Sunday, 15 November 2015

Leading in The DARK; Do you have the COURAGE?


Leaders challenge what is for the sake of what could and should be. That’s the job of a leader. But challenging what has always been and what has always worked before requires guts. Simply recognizing the need for change does not define leadership. The leader is the one who has the COURAGE to act on what he sees. A leader is someone who has the courage to say PUBLICLY what everyone is whispering privately. It is not his insight that sets the leader apart from the crowd, it is his courage to ACT, the courage to SPEAK UP when everyone else is silent.

 

Beyond the need to challenge what should be changed, leaders have been given the assignment to take people to places they’ve never been themselves. Leaders provide a mental picture of a preferred future and ask people to follow them there. Leaders require those around them to abandon the known and embrace the unknown with no guarantee of success. As leaders we are asking men and women not only to follow us to a place they’ve never been before, but we are asking them to follow us to a place where we’ve never been before either. That takes GUTS, that takes NERVE and that takes COURAGE.
 

We all know the fear associated with walking into a dark room or traversing an unlit path in the night. Leading into the future gives the same exact feeling. Leadership requires the courage to WALK IN THE DARK. The darkness is the uncertainty that accompanies change, The mystery whether a new idea you just introduced will be accepted, the fear whether the idea will be rejected, the risk of being wrong.  For this reason, it is the dark that provides the leader with his greatest opportunities. Its your response to the dark that determines in large part whether or not you will be called on to lead. For the darkness is what keeps the average person from stepping outside the security of what has always been.Yet many leaders who lack the courage to forge ahead alone yearn for someone to take the first step, to go first, to show the way. It could be argued that the dark (the unknown, uncertainty) provides the context for leadership, because if the pathway to the future were lit, it would be crowded.

 
Leaders are not always the first to SEE an opportunity, they are simply the first to SEIZE opportunity. It is the person that seizes an opportunity that emerges as the leader. But fear has kept many would-be leaders on the side lines, while good opportunities paraded by. They didn’t lack INSIGHT, they lacked COURAGE. Leaders are not always the first to see the need for change, but they are first to act. And once they move away from the group, they are positioned to LEAD.

 
Think for a moment about the life experiences you would have missed had you given in to your fear. Chances are, you would never have learned to drive, you would never have learned to swim, you would have cancelled your job interview, you would have refused to speak at that conference, and some people would not have married. Unbridled fear results in Missed OPPORTUNITIES.

 

 

To be continued…

Sunday, 8 November 2015

Leadership Courage; Are you Progressive?


I’ll start with a quote by Jim Kouzes ‘Only those leaders who act boldly in time of crisis would be willingly followed’

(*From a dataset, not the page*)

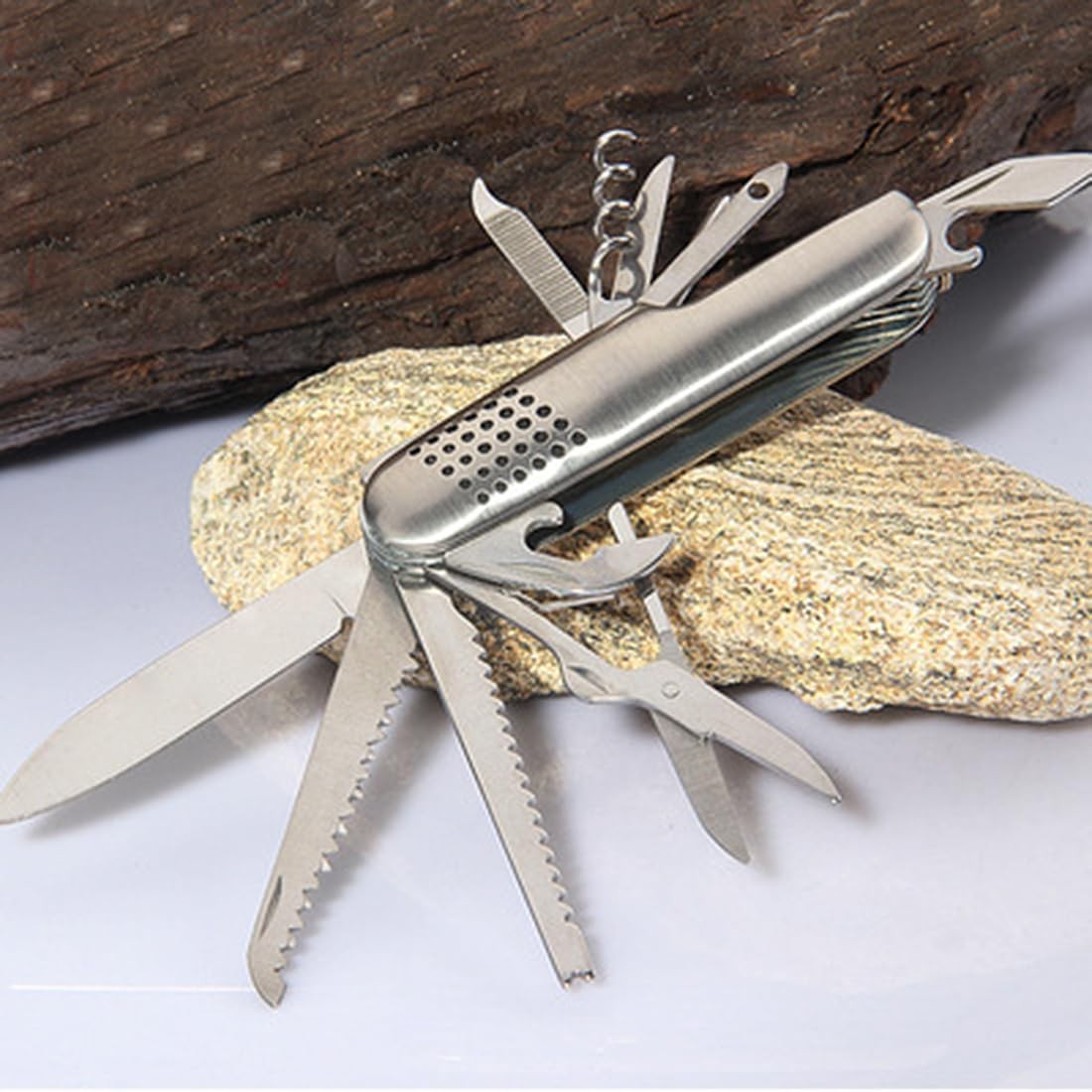 Multi-Function Knife with 11 Stainless Steel Tools for Hunting, Fishing, Camping and…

Leaders love progress. Progress is what keeps them coming back to the task. Nothing is more discouraging to a leader than the prospect of being stranded in an environment where progress is impossible. if we cant move things forward, then its time to move on. Progress requires change. If an organization, business, ministry or relationship is going to make progress,  it must evolve into something different. It must become better, more relevant, more disciplined, and better aligned.
 
 

But organizations, like people resist change. As the Author of ‘The Leadership Challenge’ pointed out, ‘leaders must challenge the process precisely because any system will unconsciously conspire to maintain the status quo and prevent change.’ Organizations seek equilibrium, people in organizations seek stability. Both can be deterrents to progress because progress requires change and change is viewed as the antithesis of stability.
 
 

Keep in mind that everything you loath about your current environment or organization was originally somebody’s good idea. At the time it might have even been considered revolutionary. To suggest change is to suggest that your predecessors lacked insight or worse that your current supervisor doesn’t get it! Consequently, its easier to leave things as they are, to accept the status quo and learn to live with it.
 

While that may be easier, its not an option for a leader. Accepting the status quo is the equivalent of a death sentence. In my opinion, where there’s no progress there’s no growth, if there’s no growth, there’s no life. Environment void of change is void of life. So leaders find themselves in this precarious and often career jeopardizing position of being the one to draw attention to the need for change.

Consequently, courage is a non-negotiable quality for the next generation leaders who will shape the future and change to world.